Ibarat kita pergi ke Kintamani yang merupakan tempat yang indah dan sejuk yang mampu menciptakan rasa damai. Bila kita hanya berharap dan memikirkannya saja maka kita tidak akan pernah sampai ke tempat tersebut. Atau meskipun kita sudah naik motor atau menyetir mobil dan berangkat ke arah Kintamani, namun dalam perjalanan pikiran kita terus tertuju dan terbayang akan tempat itu, maka kemungkinan besar kita akan nyasar atau nabrak sana-sini. Oleh karena itu maka lebih baik pikiran kita fokus pada saat naik motor sehingga arah motor tetap pada jalurnya dan selamat, sehingga hanya menunggu waktunya pasti sampai ke tempat tujuan. Sama halnya mengharap pahala, sorga maupun kasih Tuhan, apabila kita tidak fokus terhadap apa yang sedang kita lakoni apakah sesuai atau tidak dengan amanah Tuhan (Bahasa Balinya Ngelewe, antara tindakan, ucapan dan pikirannya tidak nyambung/Munafik), maka pengharapan hanya tinggal harapan yang kosong melompong atau illusi.

Apalagi sesama manusia berharap akan cintanya maka kita selamanya akan menjadi pengemis cinta. Lebih baik menjadi penyebar cinta daripada pengemis cinta, sehingga orang lain akan menampakkan cintanya.

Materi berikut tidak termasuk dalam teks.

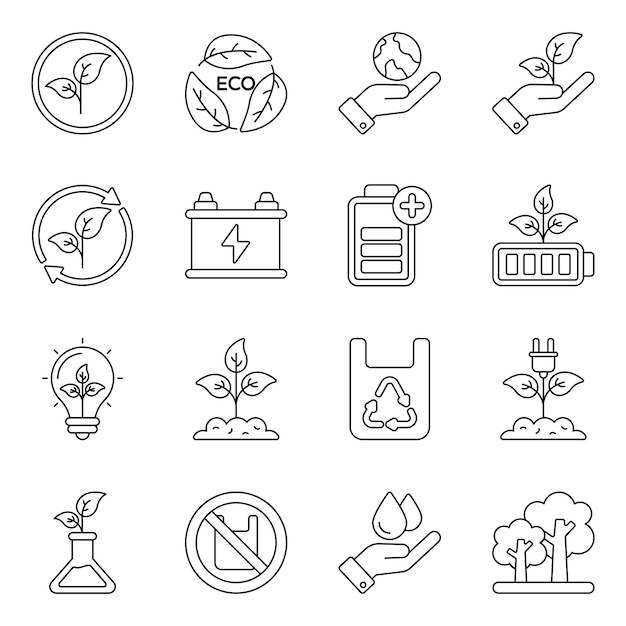 Vector pack de iconos de línea de ecología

Cinta dimaksud di sini adalah cinta murni atau cinta universal dan bukan cinta nafsu, karena cinta yang terakhir tersebut di zaman ini bisa dibeli. Demikinlah sedikit gambaran bila jiwa kita masih dalam tingkatan Waisia.

Selanjutnya mari kita coba untuk mengungkap tingkatan warna Ksatria. Secara umum ksatria lekat pada sifat yang mulia, tanpa memikirkan untung rugi. Ibarat seorang tentara yang akan maju perang, mereka tidak memikirkan untung dan ruginya bagi diri sendiri dan keluarganya. Ia akan maju terus dengan semangat dan keteguhan hatinya untuk melaksanakan swadharmanya. Namun realitasnya dimasyarakat sering dipahami yang termasuk kelompok masyarakat yang tergolong Ksatria adalah masyarakat yang bertitel bangsawan tertentu. Ini sah-sah saja sesuai dengan pemahaman mereka dan tradisi yang ada. Sekali lagi itu hanya sebuah nilai yang muncul dari pernyataan. Bagaimana halnya warna Ksatria bila dipakai mengukur warna diri ?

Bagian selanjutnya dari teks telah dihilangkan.